Lo spettacolo si apre all’indomani della liberazione della Sicilia da parte degli Alleati e segue le vicende di uno strampalato e fumettistico nucleo familiare orgogliosamente fascista ispirato al personaggio di Sor Pampurio Arcicontento iconica creatura partorita dalla penna di Carlo Bisi per il Corriere dei Piccoli: un padre presuntuoso e autoritario (Marco Natalucci) che, come il suo doppio d’inchiostro, costringe la famiglia a cambiare casa continuamente; una madre (Rosanna Gentili), ingessata in un tailleur verde sotto al ginocchio, che soffre di tremende quanto provvidenziali emicranie; un figlio adolescente (Roberto Caccavo) alle prese con le prime pulsioni sessuali che comunica, attraverso stati onirici, con i fantasmi dei partigiani trucidati, una fedele e stralunata servetta di estrazione contadina (Gaia Nanni) e un pappagallino che, dalla sua gabbietta, commenta in versi le vicende dei protagonisti. Al plot principale del testo si aggiungono gli inserti grotteschi di Ben e Claretta (Mussolini e la Petacci, rispettivamente Gianfranco Quero e Giusi Merli), marionette umane dalla fisicità distorta i cui dialoghi altro non sono che decontestualizzati lacerti della corrispondenza intercorsa fra il Duce e la sua amante. Da subito il colorato e disfunzionale nucleo familiare si rivela un microcosmo di fascismo: i vari componenti infatti, avvalendosi del ricatto e della minaccia, costringeranno a turno la servetta a consumare con loro un rapporto sessuale. Esilaranti e terribili, gli amplessi a scena aperta altro non sono che esplicite citazioni pasoliniane: la famiglia borghese risemantizza quella di Teorema sconvolta dall’attrazione erotica per l’ospite Terence Stamp; il personaggio della servetta abusata è un emblema dei giovani sottoproletari che in Salò subiscono le torture dei quattro carnefici fascisti mentre il personaggio del pappagallino che interagisce con i protagonisti commentandone le azioni cita i pennuti parlanti di Uccellacci e uccellini.

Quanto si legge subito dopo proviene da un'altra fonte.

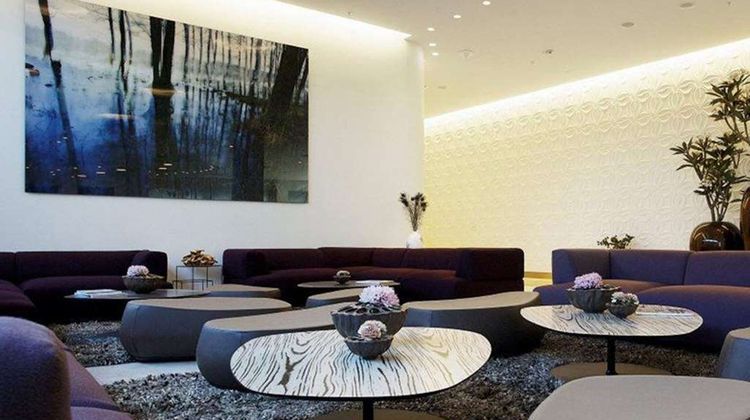 Clarion Hotel Arlanda Airport Lobby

Ma al di là delle suggestioni pasoliniane, Arcitaliani appare come un dramma allegorico che esplora l’archetipo di una famiglia affetta da un fascismo inteso come disfunzione affettiva, violenza sopraffatrice, incomunicabilità. I componenti della famiglia infatti sembrano comunicare fra loro avvalendosi di frasi fatte, consuetudini, tic non solo linguistici: il figlio, che cresce -amleticamente- comunicando con i fantasmi dei partigiani trucidati, il padre che cambia continuamente abitazione poiché insegue l’irraggiungibile ideale di un appartamento perfetto, la madre che nasconde la propria sessualità ed evita il “dovere coniugale” con la scusa del mal di testa celano, dietro la loro tendenza macchiettistica, i fantasmi che potevano alternarsi nella psiche di chi visse, come Pasolini, in quel contesto storico. Si tratta di un teatro freudiano che esplora le conseguenze sadiche dell’incomunicabilità e della solitudine. L’enuresi del figlio, la fissazione scatologica del padre, il rigido perbenismo fobico della madre sono altrettante spie di un malessere storico-filosofico che sembra affondare le proprie radici nella marionettistica rappresentazione del dux-pater patriae Ben(ito), ipersessualizzato megalomane tiranno che risulta comico e grottesco nella sua spavalderia di latin-lover senile. Unica remissiva risorsa affettiva e comunicativa affidabile dell’intera famiglia risulta essere l’abusata servetta sottoproletaria che non si limita a fornire ai tre il proprio corpo bensì l’ascolto di cui necessiterebbero ma che non riescono a darsi reciprocamente.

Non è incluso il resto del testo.